Angola ruling party sweeps elections

September 08, 2012 05:59 pm | Updated 05:59 pm IST - Luanda

Angolans queue at a voting station in Kicolo on August 31, 2012.

Angolans queue at a voting station in Kicolo on August 31, 2012.

Angola’s ruling MPLA party has swept the general elections with 71.8 per cent of the vote, ensuring that President Jose Eduardo dos Santos will remain in the post he has held since 1979.

Official results released by the National Election Commission late Friday showed the main opposition party, UNITA, received 18.6 per cent of ballots, fairing better than in 2008 polls when it received only about 10 per cent.

The People’s Movement for the Liberation of Angola (MPLA) will have 175 seats in parliament, while UNITA will have 32. Three smaller parties will share the remaining 13 seats.

The domination by the 70-year-old dos Santos and his party was expected. He will be sworn in for a five-year term within 15 days, election commission officials said.
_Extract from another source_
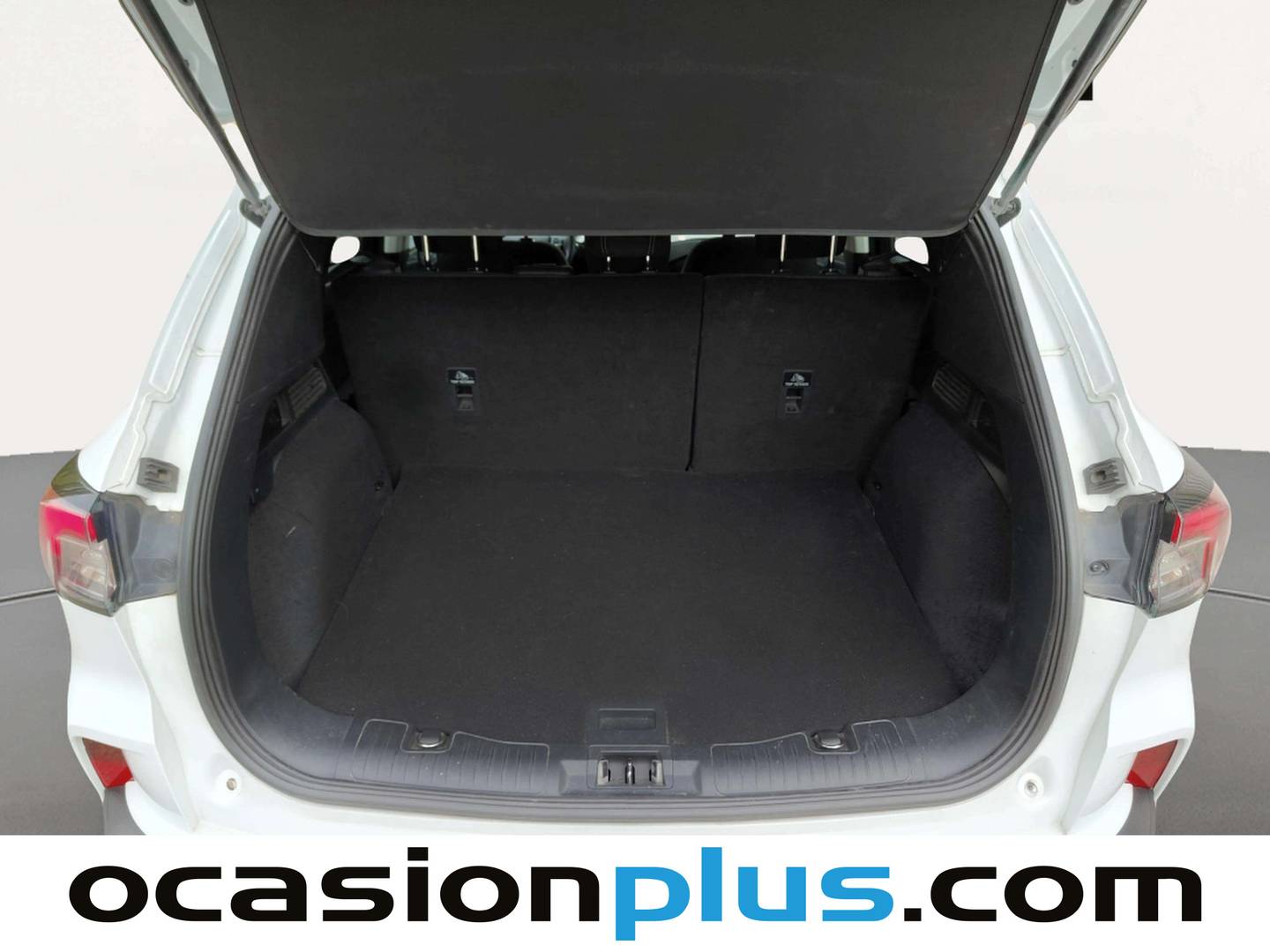 Fotos maletero Ford Kuga Ford Kuga 1.5 EcoBlue Titanium (120 CV)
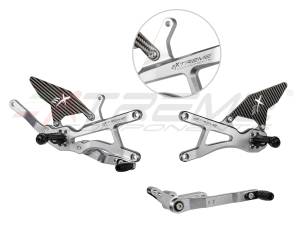 Extreme Components - Extreme Components GP EVO Rearsets Kit STD And Reverse Shifting  Carbon Fiber Silver Heel (FOR AKRAPOVIC RACING FULL SYSTEM) YAMAHA R1 (2020/2022)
These were only the third elections for the southern African nation of 19 million people since independence from Portugal in 1975.

The vote in 1992 sparked a second wave of Angola’s lengthy civil war, which began just before the colonial power left, and ended in 2002.

Angola is experiencing a massive economic boom, owing to revenue from oil. However, observers have warned that while a small elite is prospering, the majority of the country remains mired in abject poverty.

Most young people are out of work and infrastructure development outside the capital is very limited.